If we want the computer to do all our work do we have to become computers?
“Every time you solve a problem you create a new one” — Kevin Slavin (1). Are we trying to hard or not hard enough? In our quest to make the world data driven and quantifiable are we producing new problems? Are we so eager to make the world into a programmable sequence (algorithm) that we exclude the parts that make us sentient [able to perceive or feel things]? Meaning: if we want the computer to do all our work do we have to become computers?
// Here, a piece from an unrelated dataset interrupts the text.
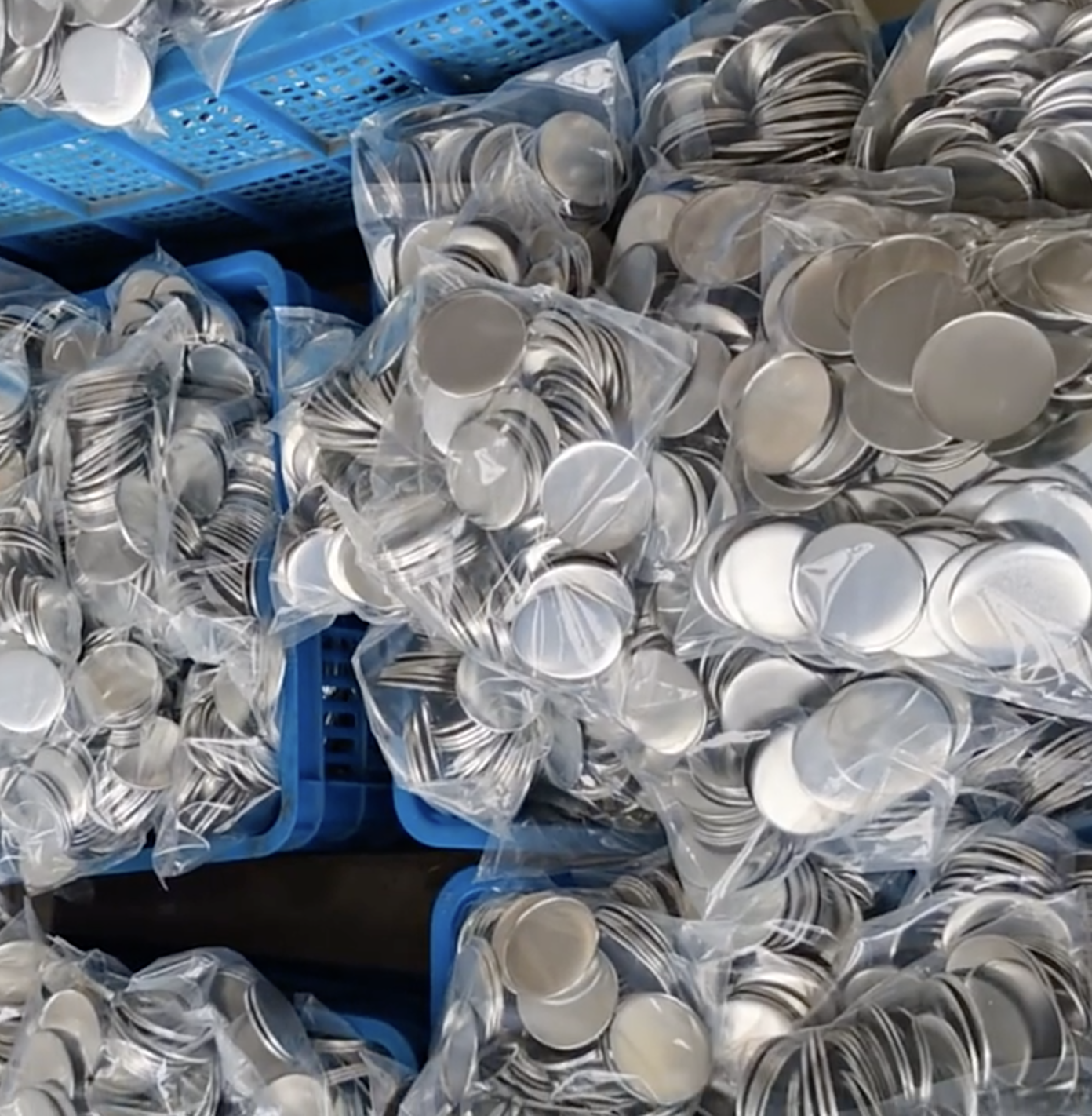 25mm Metal Pin Badge Round 6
In the book “Why the world needs anthropologists” (2) Dan Podjed, Meta Gorup, Pavel Borecky and Carla Guerrón Montero invite 11 anthropologists to share their stories about why now more than ever the world needs “cultural relativism, ethnography, comparison and context” (3).
All quotes below are from the introduction by Dan Podjed and Meta Gorup and the first article by Thomas Hylland Eriksen (the complete book is a gold mine).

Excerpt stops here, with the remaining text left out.